Im Sommer 2023 verständigten sich nach Vorgesprächen vor Ort im Frühjahr die Stadt Elmshorn, der Wasserverband und die Wasserbehörde auf Verbesserungen, um Ufer, Wege und Altbäume zu entlasten. Aufgrund der Erfahrungen, die mit Kiesschüttungen (standorttypisches Material im Moränenbach, finanziert von der Edmund Siemers-Stiftung, Hamburg) z.B. in der Stadt Pinneberg sowie vielerorts im Ländlichen gewonnen wurden, sollte ein Versuch gestartet werden. Alle Beteiligten möchten erfahren, wie die Krückau sich verhält und – ggf. veränderte – Folgeaktivitäten ergänzen.

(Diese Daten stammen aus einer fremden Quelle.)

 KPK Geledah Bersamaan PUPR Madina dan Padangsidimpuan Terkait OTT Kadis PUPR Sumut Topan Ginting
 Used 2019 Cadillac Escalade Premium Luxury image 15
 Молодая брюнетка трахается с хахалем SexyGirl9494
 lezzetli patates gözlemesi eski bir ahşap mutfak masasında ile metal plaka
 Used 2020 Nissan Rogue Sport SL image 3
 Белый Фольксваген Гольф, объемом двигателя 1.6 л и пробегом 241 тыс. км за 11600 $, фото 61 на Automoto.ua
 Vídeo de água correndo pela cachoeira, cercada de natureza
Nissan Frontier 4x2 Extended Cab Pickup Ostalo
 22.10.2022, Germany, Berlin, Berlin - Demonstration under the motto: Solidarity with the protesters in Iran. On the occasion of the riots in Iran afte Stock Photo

Bei der Vorab-Begehung: Kanadagänse beobachteten uns aufmerksam.

Extremsituation, verursacht von Mensch und Hund.

Nördlich der Elsa-Brändström-Schule schützt ein Saum aus Alterlen das Ufer – leider nur einreihig aufgrund des bachnahen Wegs.

Eine erhebliche Lücke im uferschützenden Erlenbestand des Prallhangs zeigt sich deutlich im Frühjahr – Baumverlust wird zu Ufer- und Wegverlust führen.

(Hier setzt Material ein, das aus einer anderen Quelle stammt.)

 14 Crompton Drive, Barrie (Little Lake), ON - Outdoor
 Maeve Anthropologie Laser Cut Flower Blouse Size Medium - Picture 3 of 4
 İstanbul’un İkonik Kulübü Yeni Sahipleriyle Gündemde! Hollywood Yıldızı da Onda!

Im Sommer täuscht Staudenwuchs „heile Welt“ vor.

Einzelne Lücken, von klein …

… bis größer sind ebenfalls erheblichem Erosionsangriff ausgesetzt.

So wurde verabredet, mit 2 Sätteln Kies (à 25 t) den Test vom Anstrom der scharfen Kurve her zu starten – gespannt, wie viel Material die Krückau lokal „fordern“ würde.

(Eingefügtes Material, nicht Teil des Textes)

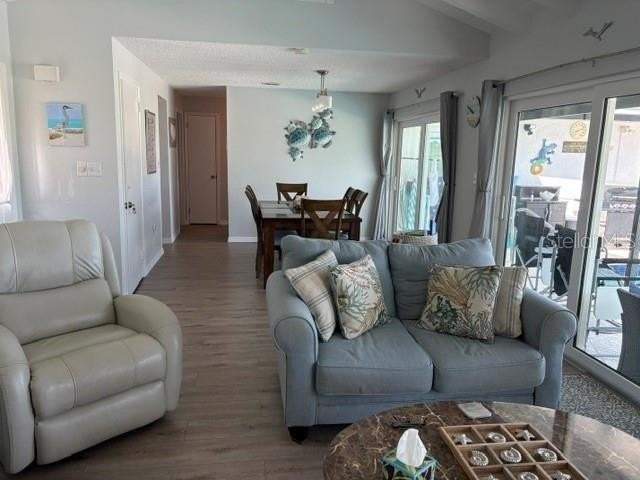 98 Caddy Rd - Photo 5 of 19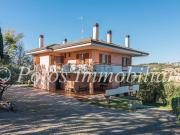 Villetta indipendente in vendita di 318 m² in Via Valle...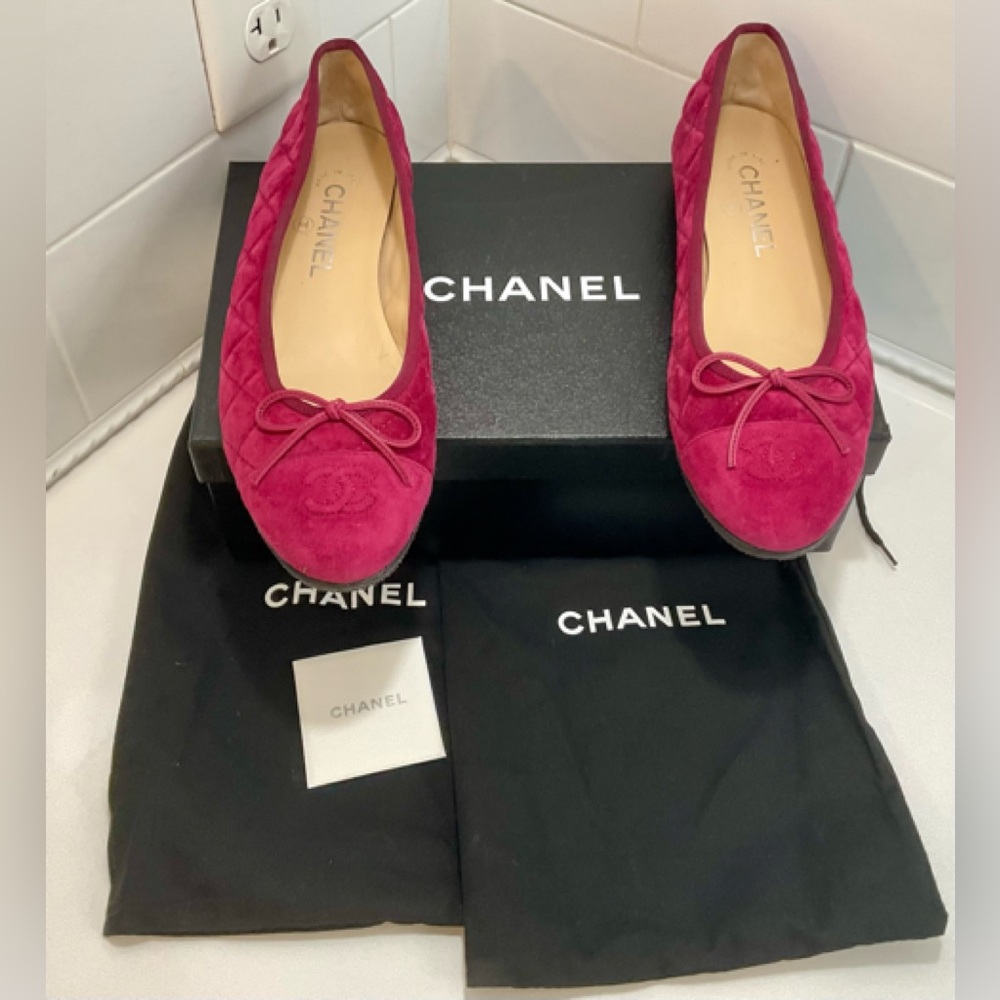 Chanel Quilted Suede Calfskin Dark Pink Ballerina Flats SZ 38.5B - Gorgeous!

Als bester Zeitraum eignet sich die Ferienzeit. Der Parkplatz nahebei kann dann nahezu störungsfrei als Schüttplatz des Kieses bei Anlieferung genutzt werden.

Von dort aus können geeignete Fahrzeuge des Betriebshofs das Material aufnehmen und einbauen.

Herbstferien 2023 – wir sind verabredet.

Kies und Gerät sind vor Ort.

Günstig gelagert – wie es aussieht, sind bereits 2 Lkw mit Kies am Bach.

Nicht wissend, dass der kurze Fußweg gerade wegen Bauarbeiten gesperrt ist, gehe ich zwangsläufig einen weiten Bogen um den Großen Teich.

Da erlebe ich die aktuelle Situation: Abfluss – auch hier in der Aue zwischen Stillgewässern – der bis an mittleres Hochwasser heranreichenden Regenfälle zuvor.

Ich erreiche den Krückau-nahen Wander- und Arbeitsweg.

Die Lkw befahren die westliche Strecke – die werde ich anschliessend ebenfalls nutzen.

Im oberen Anstrom der Alt-Erlen-bestandenen scharfen Kurve befindet sich ein besonderer Erosionspunkt. Hier „reibt sich“ die Tide-Krückau besonders – „am Harten“. Ein Zulaufrohr mit Betonumfeld ist bereits weitgehend freigelegt, Erlen bachauf und bachab werden absehbar freigespült. – Hier fangen wir an!

Der Bauhofleiter steuert das erste Schütten.

Vorbereiten für die nächste Fahrt – zuerst muss der Greifer wieder geordnet platziert werden.

Ein Trecker mit breiter Schaufel steht zum Verteilen bereit.

Mit dessen Fahrer verabrede ich das sukzessive Verfüllen der Gefahrenstelle.

Aufgrund des Arbeitsfortschritts wird im Weiteren nur eine Teilschüttung benötigt. So stoppt der Lkw vorab an punktuellen Schwachstellen, platziert per Greifer zielgenau Teilmengen Kies im Ufer (Bericht folgt) und schüttet seine Restmenge nahe der Rohreinleitung ab.

Das sieht gut aus – prima verteilt, Baustelle glatt abgezogen. Wir werden die Entwicklung über den Winter beobachten, ggf. mit weiterem Kies nacharbeiten.

Vor allem soll versucht werden, im Umfeld Jungbäume per Sukzession wachsen zu lassen.

Demnächst geht`s weiter – mit „dem großen Schütt“ und den zu entschärfenden punktuellen Schwachstellen.